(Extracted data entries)
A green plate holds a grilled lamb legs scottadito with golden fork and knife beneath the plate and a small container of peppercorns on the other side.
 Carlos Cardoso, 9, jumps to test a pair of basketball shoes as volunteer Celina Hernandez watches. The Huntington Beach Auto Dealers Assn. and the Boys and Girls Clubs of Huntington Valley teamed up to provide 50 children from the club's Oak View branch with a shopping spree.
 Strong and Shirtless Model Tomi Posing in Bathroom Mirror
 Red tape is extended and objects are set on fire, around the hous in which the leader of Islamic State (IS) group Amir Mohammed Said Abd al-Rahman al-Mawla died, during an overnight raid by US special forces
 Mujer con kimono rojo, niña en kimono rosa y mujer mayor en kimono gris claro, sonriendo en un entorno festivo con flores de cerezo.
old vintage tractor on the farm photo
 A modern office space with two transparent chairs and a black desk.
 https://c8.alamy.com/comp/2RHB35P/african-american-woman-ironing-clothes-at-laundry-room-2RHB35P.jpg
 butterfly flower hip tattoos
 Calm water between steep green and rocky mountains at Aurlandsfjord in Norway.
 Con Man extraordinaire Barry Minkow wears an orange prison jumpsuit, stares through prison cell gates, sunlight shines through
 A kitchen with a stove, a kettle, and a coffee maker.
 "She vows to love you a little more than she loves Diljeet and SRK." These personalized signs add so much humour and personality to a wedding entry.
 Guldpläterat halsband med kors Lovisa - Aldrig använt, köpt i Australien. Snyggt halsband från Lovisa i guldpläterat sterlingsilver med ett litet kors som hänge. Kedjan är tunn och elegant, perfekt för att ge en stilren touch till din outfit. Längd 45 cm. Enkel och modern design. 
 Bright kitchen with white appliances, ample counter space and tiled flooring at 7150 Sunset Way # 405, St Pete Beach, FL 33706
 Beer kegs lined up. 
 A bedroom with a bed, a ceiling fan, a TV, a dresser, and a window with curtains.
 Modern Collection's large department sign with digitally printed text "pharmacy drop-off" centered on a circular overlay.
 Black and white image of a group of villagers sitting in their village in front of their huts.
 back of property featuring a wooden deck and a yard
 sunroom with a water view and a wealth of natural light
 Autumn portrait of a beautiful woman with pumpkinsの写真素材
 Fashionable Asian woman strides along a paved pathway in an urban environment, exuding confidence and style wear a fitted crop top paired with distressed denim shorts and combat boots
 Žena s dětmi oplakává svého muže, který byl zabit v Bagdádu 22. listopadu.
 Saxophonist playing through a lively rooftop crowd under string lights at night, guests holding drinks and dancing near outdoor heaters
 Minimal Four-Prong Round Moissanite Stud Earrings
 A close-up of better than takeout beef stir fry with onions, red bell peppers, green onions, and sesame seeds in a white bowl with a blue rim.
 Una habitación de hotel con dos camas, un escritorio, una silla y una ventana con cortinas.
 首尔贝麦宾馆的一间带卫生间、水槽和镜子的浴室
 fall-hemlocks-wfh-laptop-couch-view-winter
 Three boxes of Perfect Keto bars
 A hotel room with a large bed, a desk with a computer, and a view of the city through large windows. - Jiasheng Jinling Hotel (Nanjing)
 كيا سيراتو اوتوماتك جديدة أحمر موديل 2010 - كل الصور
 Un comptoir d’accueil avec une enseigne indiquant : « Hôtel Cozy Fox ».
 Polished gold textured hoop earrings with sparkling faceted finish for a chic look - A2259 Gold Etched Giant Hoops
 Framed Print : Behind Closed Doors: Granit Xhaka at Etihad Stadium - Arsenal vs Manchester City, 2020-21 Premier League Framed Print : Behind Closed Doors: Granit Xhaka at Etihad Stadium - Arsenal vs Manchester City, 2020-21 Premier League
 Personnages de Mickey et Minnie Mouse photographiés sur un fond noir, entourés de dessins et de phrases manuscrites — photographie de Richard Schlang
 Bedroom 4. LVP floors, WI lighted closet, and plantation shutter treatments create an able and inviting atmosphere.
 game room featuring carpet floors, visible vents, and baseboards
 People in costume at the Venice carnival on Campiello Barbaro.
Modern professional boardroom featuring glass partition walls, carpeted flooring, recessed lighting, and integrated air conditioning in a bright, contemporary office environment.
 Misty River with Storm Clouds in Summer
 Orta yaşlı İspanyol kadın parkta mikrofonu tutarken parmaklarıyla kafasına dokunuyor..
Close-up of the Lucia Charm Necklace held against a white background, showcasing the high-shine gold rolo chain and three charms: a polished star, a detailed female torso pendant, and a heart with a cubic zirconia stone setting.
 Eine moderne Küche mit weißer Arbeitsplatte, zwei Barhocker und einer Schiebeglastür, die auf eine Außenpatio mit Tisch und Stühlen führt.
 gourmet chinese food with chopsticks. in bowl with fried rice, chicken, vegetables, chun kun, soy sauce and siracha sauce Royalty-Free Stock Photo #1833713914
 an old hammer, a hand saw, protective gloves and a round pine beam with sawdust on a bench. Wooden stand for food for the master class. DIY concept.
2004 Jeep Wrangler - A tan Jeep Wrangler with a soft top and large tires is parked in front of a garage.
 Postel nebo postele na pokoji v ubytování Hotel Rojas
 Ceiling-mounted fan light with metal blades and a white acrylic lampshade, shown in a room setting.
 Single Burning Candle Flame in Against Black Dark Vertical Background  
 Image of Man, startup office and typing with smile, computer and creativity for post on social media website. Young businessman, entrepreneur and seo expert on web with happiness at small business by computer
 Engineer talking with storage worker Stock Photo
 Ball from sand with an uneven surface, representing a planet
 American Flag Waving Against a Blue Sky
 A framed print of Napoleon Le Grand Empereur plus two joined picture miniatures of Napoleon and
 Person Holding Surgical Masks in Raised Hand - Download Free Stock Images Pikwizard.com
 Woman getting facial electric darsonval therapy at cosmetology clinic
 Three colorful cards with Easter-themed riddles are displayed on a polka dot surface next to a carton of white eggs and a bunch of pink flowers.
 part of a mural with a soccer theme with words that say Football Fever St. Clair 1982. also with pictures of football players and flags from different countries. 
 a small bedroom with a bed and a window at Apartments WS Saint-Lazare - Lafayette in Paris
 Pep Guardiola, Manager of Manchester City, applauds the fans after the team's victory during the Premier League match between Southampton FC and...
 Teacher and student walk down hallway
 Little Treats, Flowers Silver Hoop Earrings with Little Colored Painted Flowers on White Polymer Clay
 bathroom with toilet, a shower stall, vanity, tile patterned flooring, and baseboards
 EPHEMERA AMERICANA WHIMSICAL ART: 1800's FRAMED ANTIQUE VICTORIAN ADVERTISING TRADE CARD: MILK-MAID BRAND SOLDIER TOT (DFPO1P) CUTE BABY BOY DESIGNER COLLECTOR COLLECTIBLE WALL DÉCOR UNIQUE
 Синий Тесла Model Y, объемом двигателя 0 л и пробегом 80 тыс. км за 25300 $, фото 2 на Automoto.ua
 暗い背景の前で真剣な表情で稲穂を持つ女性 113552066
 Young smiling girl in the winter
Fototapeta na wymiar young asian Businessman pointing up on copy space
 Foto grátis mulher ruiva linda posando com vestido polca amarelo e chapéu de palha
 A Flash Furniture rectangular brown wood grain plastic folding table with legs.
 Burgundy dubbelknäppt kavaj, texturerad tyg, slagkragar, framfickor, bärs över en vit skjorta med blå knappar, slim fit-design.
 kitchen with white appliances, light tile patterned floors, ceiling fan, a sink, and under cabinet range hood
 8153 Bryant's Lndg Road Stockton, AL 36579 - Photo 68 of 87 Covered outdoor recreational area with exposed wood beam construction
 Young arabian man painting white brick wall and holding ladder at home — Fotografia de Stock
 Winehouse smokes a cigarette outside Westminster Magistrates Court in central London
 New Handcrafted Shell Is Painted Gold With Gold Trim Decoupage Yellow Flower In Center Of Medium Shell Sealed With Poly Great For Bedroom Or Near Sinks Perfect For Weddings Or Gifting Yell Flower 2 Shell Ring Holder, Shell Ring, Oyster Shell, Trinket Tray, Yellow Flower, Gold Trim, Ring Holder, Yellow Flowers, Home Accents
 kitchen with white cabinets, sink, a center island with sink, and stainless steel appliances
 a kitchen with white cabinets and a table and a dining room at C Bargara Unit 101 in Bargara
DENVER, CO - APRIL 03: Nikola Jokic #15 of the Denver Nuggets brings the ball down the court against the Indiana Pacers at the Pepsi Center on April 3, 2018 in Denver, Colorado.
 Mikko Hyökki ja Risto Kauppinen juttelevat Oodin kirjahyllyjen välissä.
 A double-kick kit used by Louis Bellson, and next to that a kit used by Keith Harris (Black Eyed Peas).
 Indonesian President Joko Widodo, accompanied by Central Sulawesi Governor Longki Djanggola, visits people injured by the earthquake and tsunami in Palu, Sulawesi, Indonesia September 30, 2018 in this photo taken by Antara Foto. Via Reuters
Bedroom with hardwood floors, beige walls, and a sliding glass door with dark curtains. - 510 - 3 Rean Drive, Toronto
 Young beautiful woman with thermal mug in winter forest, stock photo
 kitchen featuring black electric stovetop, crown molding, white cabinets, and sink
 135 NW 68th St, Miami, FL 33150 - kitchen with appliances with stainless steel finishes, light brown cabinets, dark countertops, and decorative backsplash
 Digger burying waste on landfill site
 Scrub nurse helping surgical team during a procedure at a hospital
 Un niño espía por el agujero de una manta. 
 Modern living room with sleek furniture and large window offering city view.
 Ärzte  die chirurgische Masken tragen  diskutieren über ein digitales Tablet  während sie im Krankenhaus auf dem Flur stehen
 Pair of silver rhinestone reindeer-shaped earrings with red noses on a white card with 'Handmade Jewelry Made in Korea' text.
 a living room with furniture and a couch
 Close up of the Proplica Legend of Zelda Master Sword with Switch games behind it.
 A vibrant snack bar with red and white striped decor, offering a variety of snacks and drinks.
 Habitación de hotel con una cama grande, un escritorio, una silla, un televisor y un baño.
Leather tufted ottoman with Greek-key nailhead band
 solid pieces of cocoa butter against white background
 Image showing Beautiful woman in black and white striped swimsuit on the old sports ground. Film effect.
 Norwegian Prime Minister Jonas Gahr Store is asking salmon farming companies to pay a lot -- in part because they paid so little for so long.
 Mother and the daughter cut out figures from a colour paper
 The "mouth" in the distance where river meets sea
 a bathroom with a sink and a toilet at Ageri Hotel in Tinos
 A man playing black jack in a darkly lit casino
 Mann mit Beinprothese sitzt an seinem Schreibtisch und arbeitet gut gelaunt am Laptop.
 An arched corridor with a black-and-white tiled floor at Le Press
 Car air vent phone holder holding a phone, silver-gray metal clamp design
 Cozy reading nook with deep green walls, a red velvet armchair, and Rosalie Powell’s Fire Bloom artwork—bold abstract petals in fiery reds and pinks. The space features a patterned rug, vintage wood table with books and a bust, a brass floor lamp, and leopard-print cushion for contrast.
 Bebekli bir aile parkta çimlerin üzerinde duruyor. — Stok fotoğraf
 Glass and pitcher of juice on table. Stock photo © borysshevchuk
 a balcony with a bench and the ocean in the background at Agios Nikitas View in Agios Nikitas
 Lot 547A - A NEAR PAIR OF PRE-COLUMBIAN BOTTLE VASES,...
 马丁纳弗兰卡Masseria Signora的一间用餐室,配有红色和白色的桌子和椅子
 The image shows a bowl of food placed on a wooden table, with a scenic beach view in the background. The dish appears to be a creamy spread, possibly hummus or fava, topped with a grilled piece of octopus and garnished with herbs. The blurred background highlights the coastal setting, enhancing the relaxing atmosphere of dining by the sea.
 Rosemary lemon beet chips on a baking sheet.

(PROBLEM):
In the entries above, please find the line with "Personnages de Mickey" and the line with "Person Holding Surgical", then write out exactly those two lines and every line between them, and nothing more.

(SOLVED PROBLEM):
 Personnages de Mickey et Minnie Mouse photographiés sur un fond noir, entourés de dessins et de phrases manuscrites — photographie de Richard Schlang
 Bedroom 4. LVP floors, WI lighted closet, and plantation shutter treatments create an able and inviting atmosphere.
 game room featuring carpet floors, visible vents, and baseboards
 People in costume at the Venice carnival on Campiello Barbaro.
Modern professional boardroom featuring glass partition walls, carpeted flooring, recessed lighting, and integrated air conditioning in a bright, contemporary office environment.
 Misty River with Storm Clouds in Summer
 Orta yaşlı İspanyol kadın parkta mikrofonu tutarken parmaklarıyla kafasına dokunuyor..
Close-up of the Lucia Charm Necklace held against a white background, showcasing the high-shine gold rolo chain and three charms: a polished star, a detailed female torso pendant, and a heart with a cubic zirconia stone setting.
 Eine moderne Küche mit weißer Arbeitsplatte, zwei Barhocker und einer Schiebeglastür, die auf eine Außenpatio mit Tisch und Stühlen führt.
 gourmet chinese food with chopsticks. in bowl with fried rice, chicken, vegetables, chun kun, soy sauce and siracha sauce Royalty-Free Stock Photo #1833713914
 an old hammer, a hand saw, protective gloves and a round pine beam with sawdust on a bench. Wooden stand for food for the master class. DIY concept.
2004 Jeep Wrangler - A tan Jeep Wrangler with a soft top and large tires is parked in front of a garage.
 Postel nebo postele na pokoji v ubytování Hotel Rojas
 Ceiling-mounted fan light with metal blades and a white acrylic lampshade, shown in a room setting.
 Single Burning Candle Flame in Against Black Dark Vertical Background  
 Image of Man, startup office and typing with smile, computer and creativity for post on social media website. Young businessman, entrepreneur and seo expert on web with happiness at small business by computer
 Engineer talking with storage worker Stock Photo
 Ball from sand with an uneven surface, representing a planet
 American Flag Waving Against a Blue Sky
 A framed print of Napoleon Le Grand Empereur plus two joined picture miniatures of Napoleon and
 Person Holding Surgical Masks in Raised Hand - Download Free Stock Images Pikwizard.com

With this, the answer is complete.